The analysis, authored by Elizabeth Bruch and Mark Newman from the University of Michigan, took a look at heterosexual dating markets in New York, Boston, Chicago, and Seattle via a "popular, free online dating service." (A note in the paper that indicates the service gave users the option to look for non-romantic partners, like friends or activity partners) They looked at the messaging habits of 200,000 non-LGBTQ+ users searching for romantic partners over the course of a month to quantify a "hierarchy of desirability." What the study found was that people on dating apps tend to message people about 25 percent more desirable than themselves — in other words, people typically shoot their shot aspirationally. And once researchers developed what they called a "desirability score," they were able to identify what user characteristics were most desirable among men and women. Here's where things get...depressing.

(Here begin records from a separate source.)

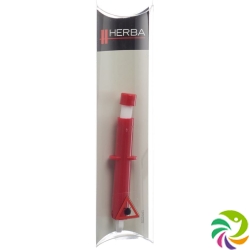 Herba tick tweezers plastic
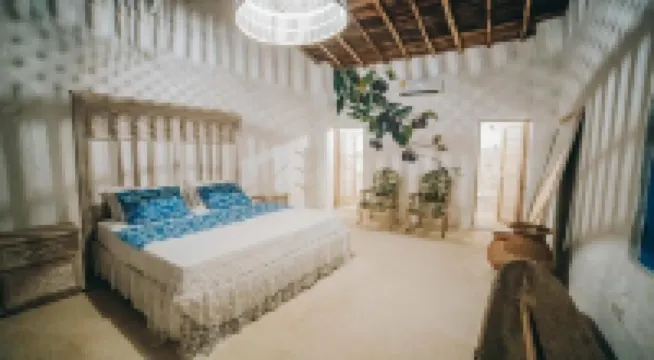 Angel de Santa Fe by Bernalo Hotels Hotels in Santa Fe de Antioquia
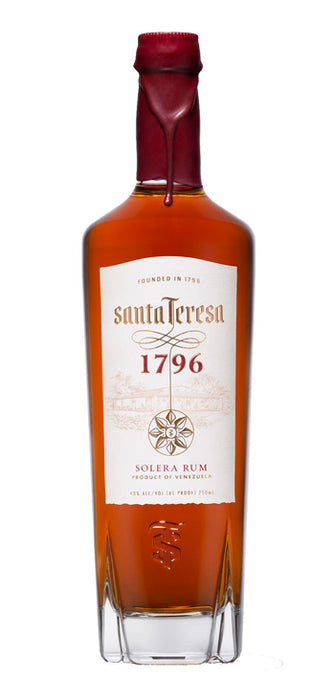 Ron Santa Teresa 1796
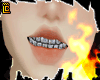 Open Mouth (Grillz)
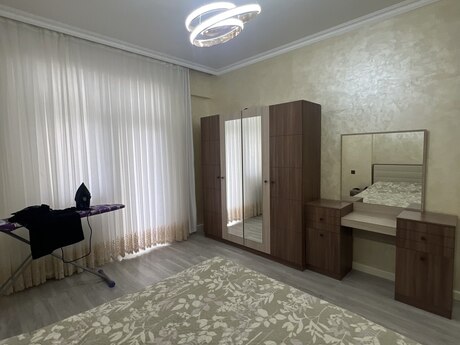 Kirayə 2 otaqlı mənzil, 65 m², Şah İsmayıl Xətai: 799 ₼/ay 5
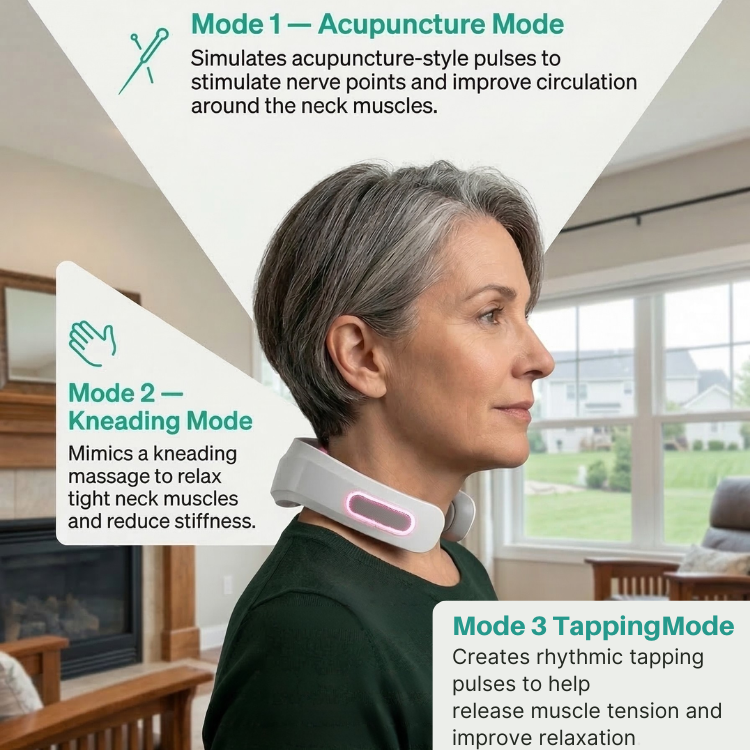 Vitality™ MagicPro 3.0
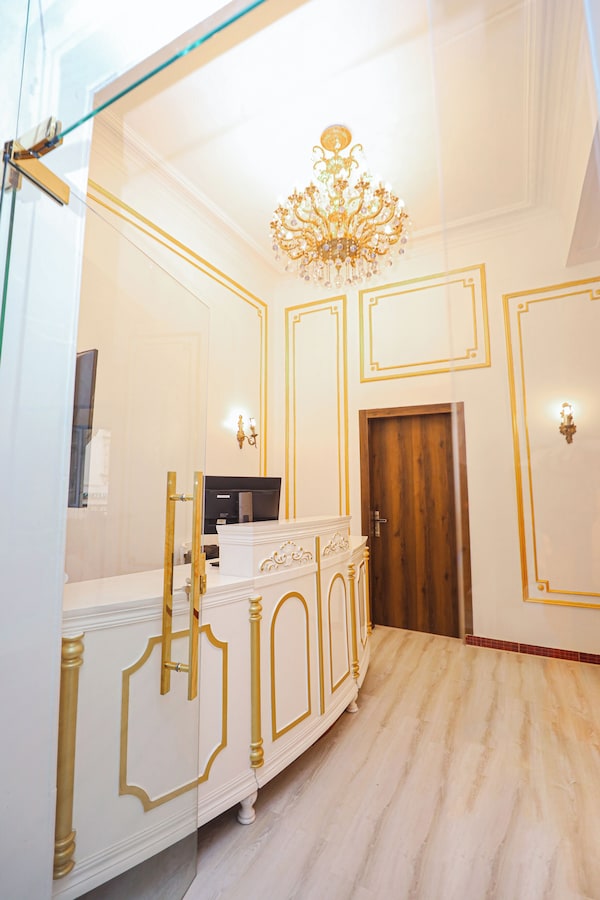 Downtown Antique Hotel - Le Caire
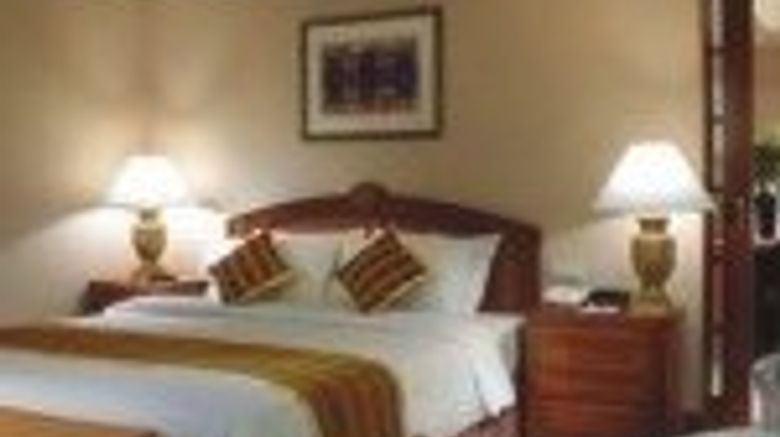<b>Hotel Royal Penang Suite</b>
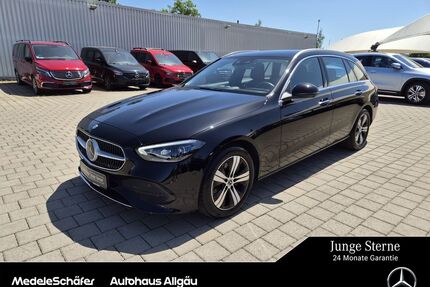 Mercedes-Benz C 200 Gebrauchtwagen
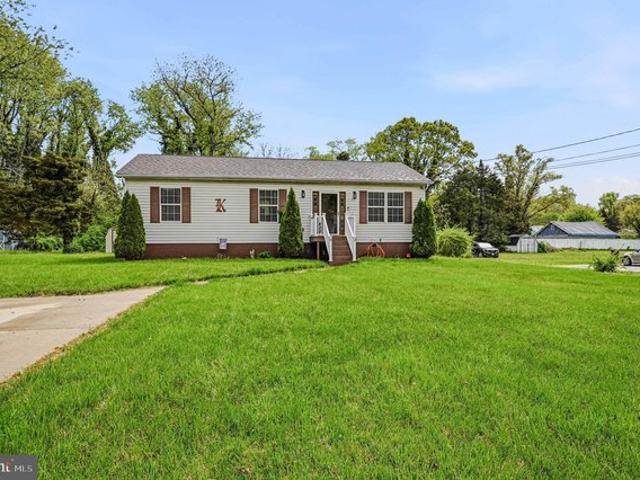 House for sale in Bridgeton, New Jersey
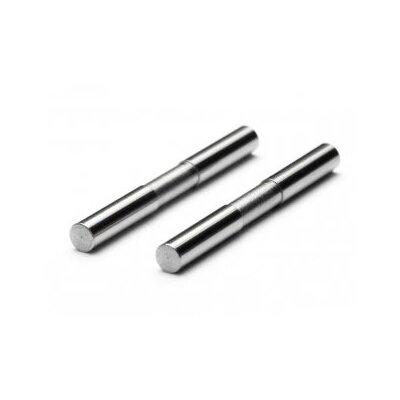 HPI Suspension Shaft 2.5x24.5mm (2pcs)
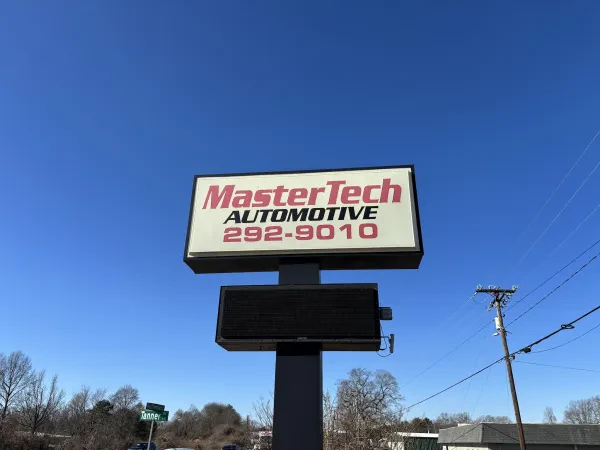 MasterTech Automotive, Inc. - photo 2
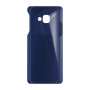 כיסוי פלסטיק קשיח ל- Samsung Galaxy A3 (2016) בצבע - כחול נייבי - קייס מובייל
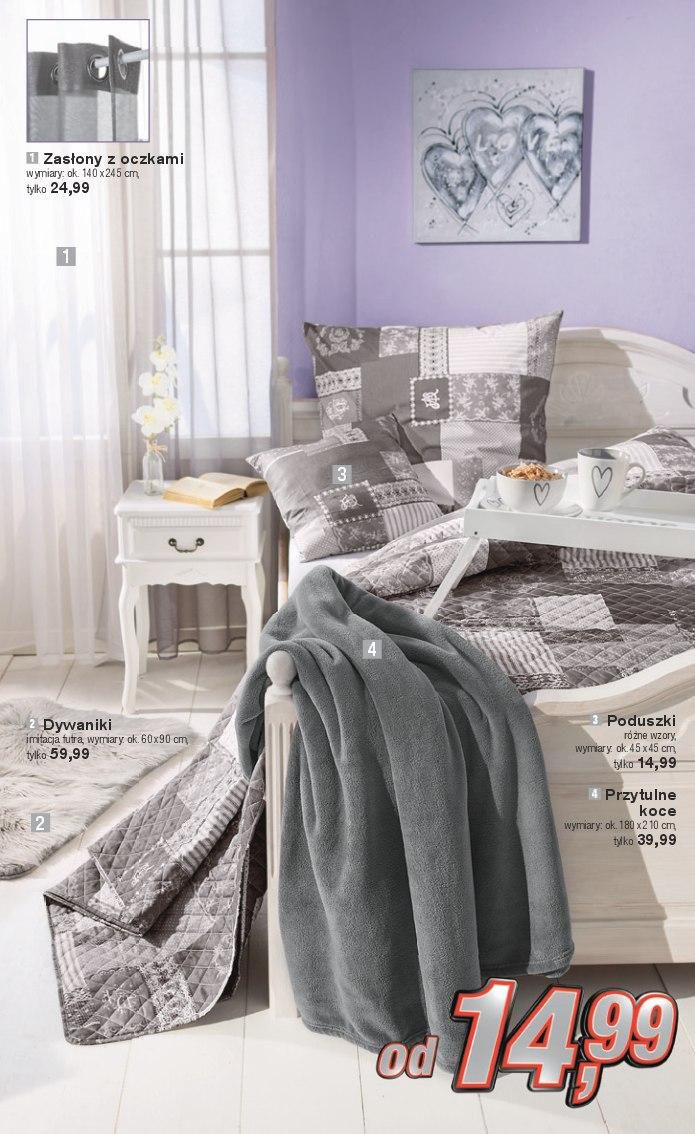 Gazetka promocyjna KiK str. 3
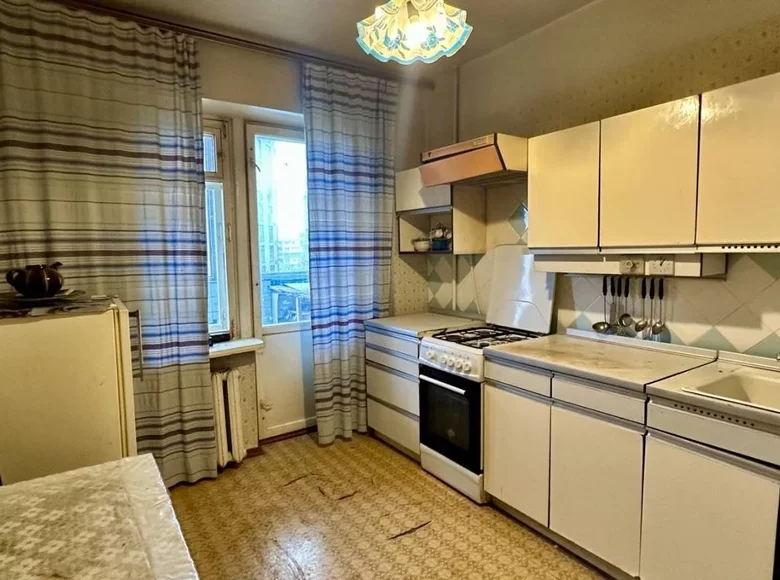 2 room apartment 54 m² Odesa, Ukraine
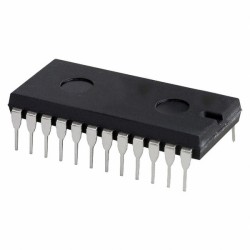 Circuit intégré dil24 CD4067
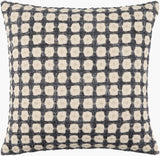 Livabliss Faggiano FGG-001 18"L x 18"W Pillow
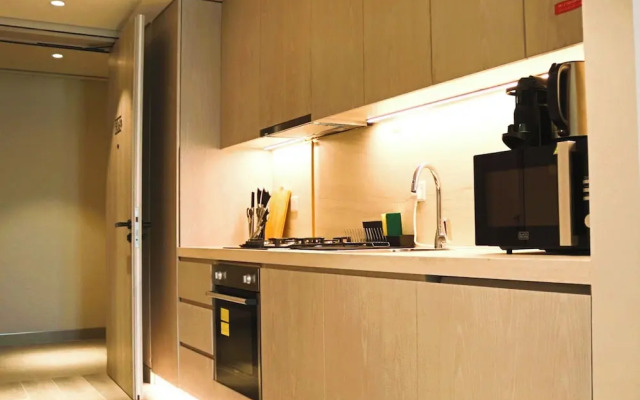 Condor Concept 7 - JVC Holiday Homes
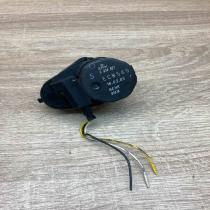6934821 ECB565 With Plug Air flap motor/actuator BMW 3 E46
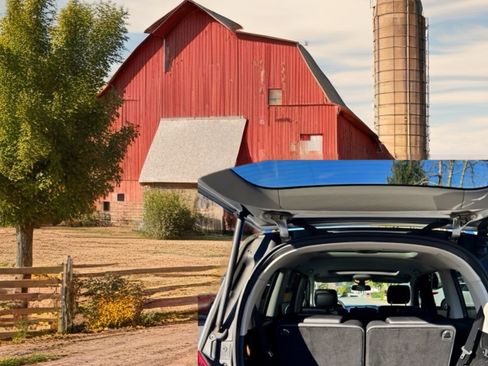 Used 2009 Mercedes-Benz GL 320 BlueTEC 4MATIC image 8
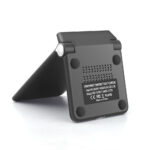 15W Folding Wireless Charger Stand - Image 2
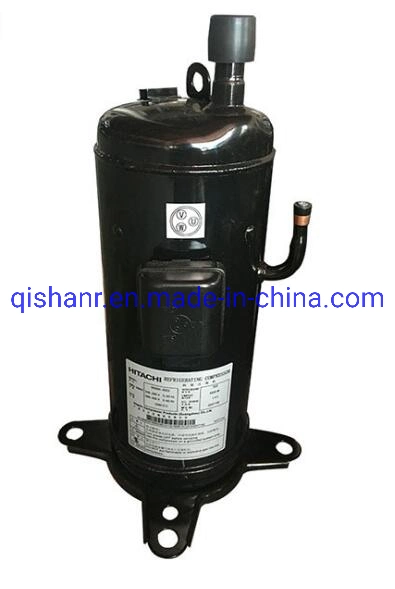 R410A Hitachi Vrf Inverter Scroll Compressor E405DHD-38d2yg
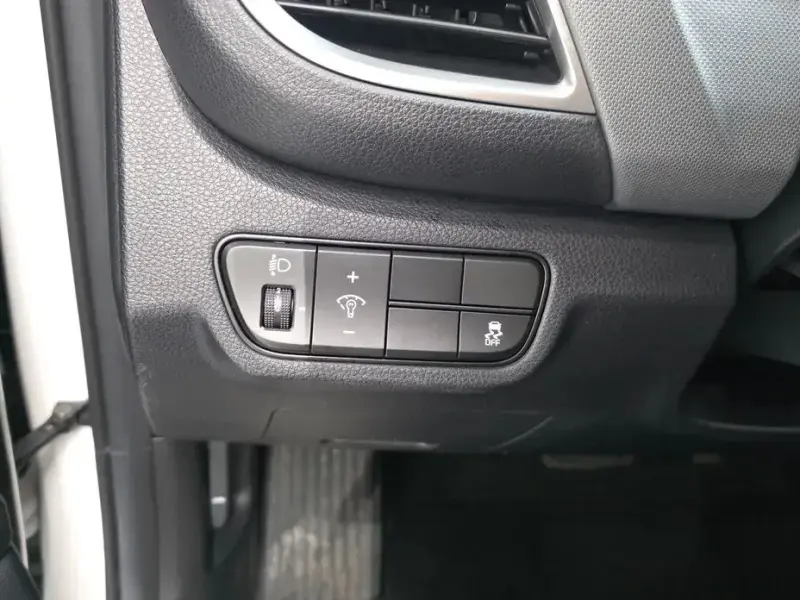 2024 Kia Seltos с пробегом 18 177 км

When it came to age, women's desirability was at its peak the minute they signed up for the service at 18, and then sharply (surprisingly sharply, Bruch told the New York Times) declined after that through age 60. Men's desirability, however, peaked at 50 and then declined. When it came to race, Asian women and white men were considered the most desirable. And when it came to education level, well, you can probably guess. Undergraduate degrees were considered the most desirable level of education for women to have attained, while postgraduate education was actually associated with a decrease in desirability among women. The findings were controlled for age, so they weren't simply as a result of women with graduate degrees being older than women with undergraduate degrees. For men, the opposite was true; more education was always more desirable.
There is a bright side, sort of. Researchers concluded that because of the low threshold for sending a bunch of messages to a bunch of people who are hotter than you on an app, "the hierarchies of desirability may be more pronounced online than off." In other words, because what the study calls "unrequited overtures" (eg. messages) are so much more difficult to observe and record in IRL interactions, it's possible that the study's findings don't necessarily bear as much weight offline. So what this particular study found "most desirable" isn't necessarily how people are screening potential mates in real-life social settings.
What's most important to remember here is everyone is responsible for their own attraction. The onus to "change" in order to become more desirable is frequently foisted upon women when it's very clear here than men are the ones who have some soul-searching to do about what's so goddamned unsexy about a woman with a PhD.